Prompt: Repeat only the lines below from the one that contains "Чистейший зеленый турмалин 2,6 карат" through the final line, exactly. Omit pictures.

The data:
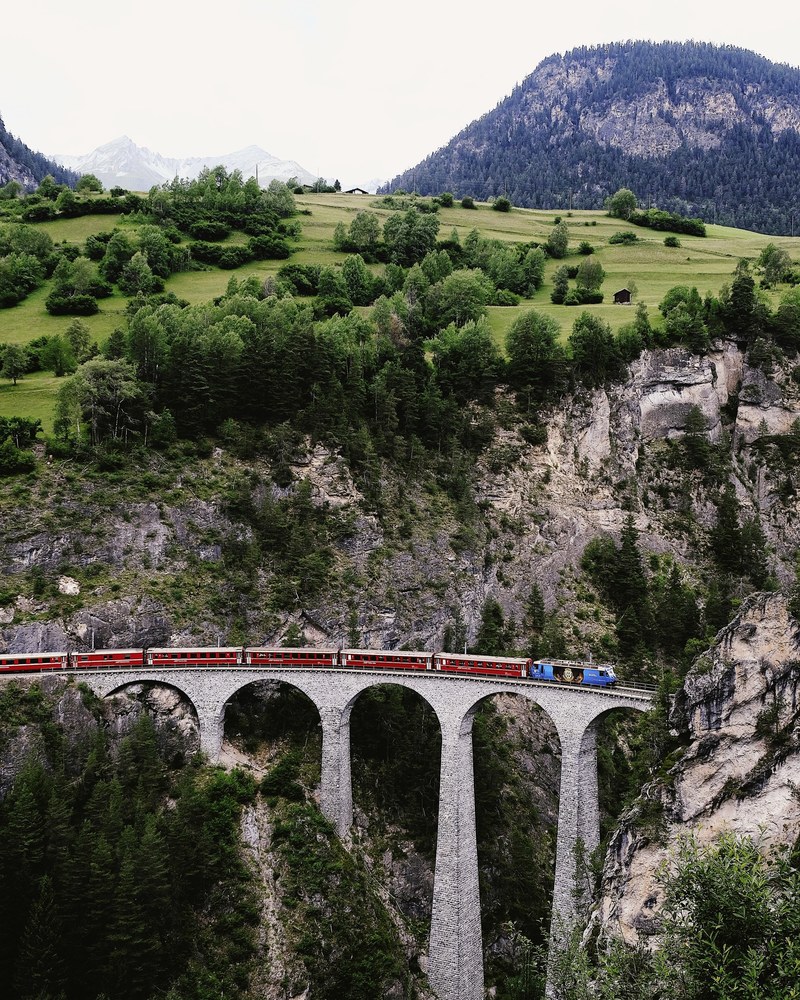capturing the landwasser viaduct 4k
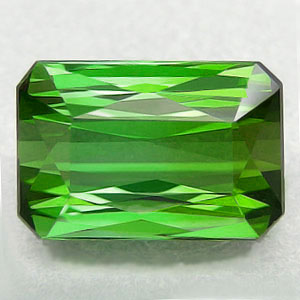 Чистейший зеленый турмалин 2,6 карат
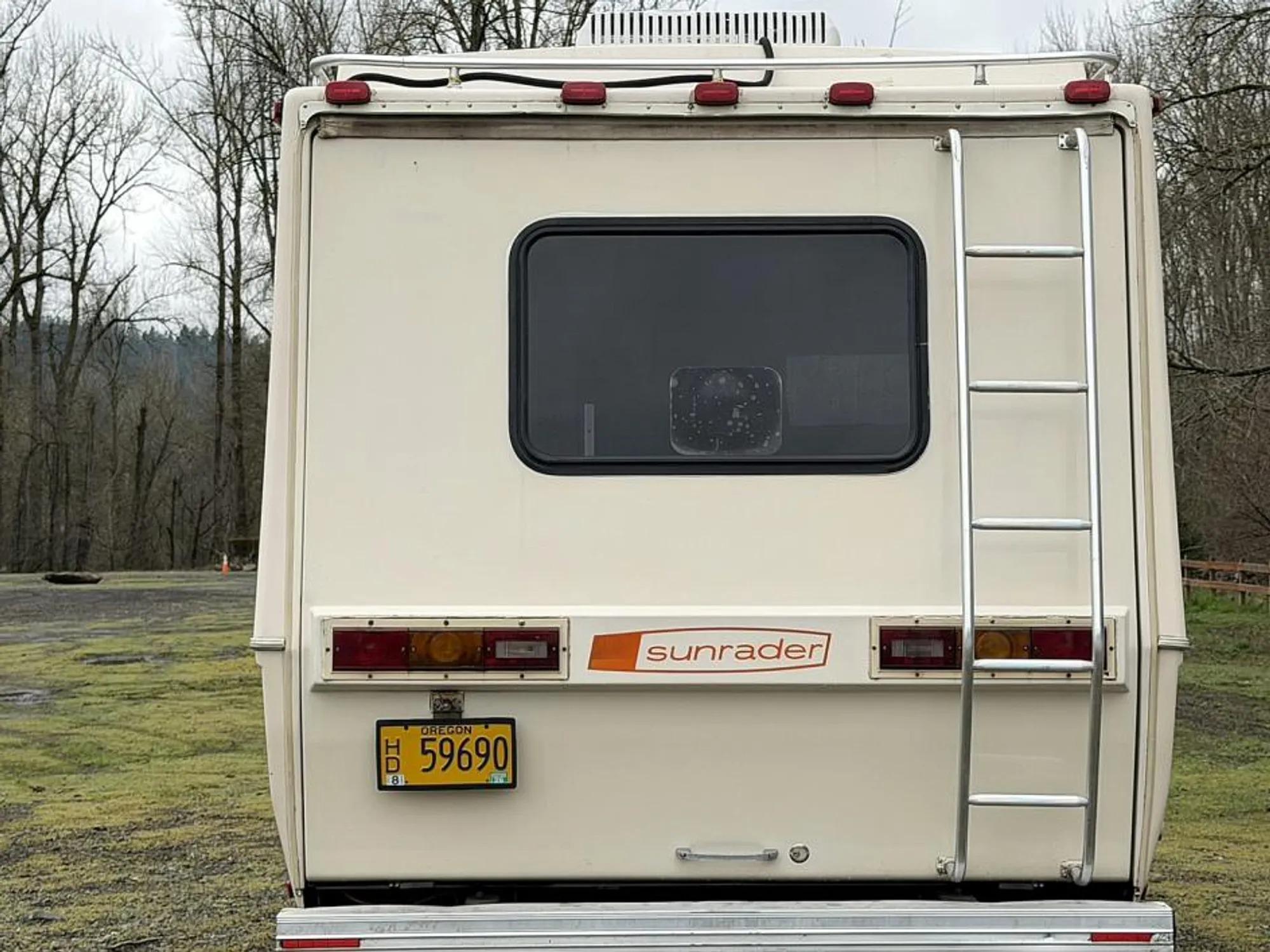 1984 Nissan Sunrader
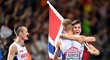 Dvojnásobný šampion mistrovství Evropy Jakob Ingebrigtsen přijímá gratulace od bratrů Henrika a Filipa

Task result:
 Чистейший зеленый турмалин 2,6 карат
 1984 Nissan Sunrader
 Dvojnásobný šampion mistrovství Evropy Jakob Ingebrigtsen přijímá gratulace od bratrů Henrika a Filipa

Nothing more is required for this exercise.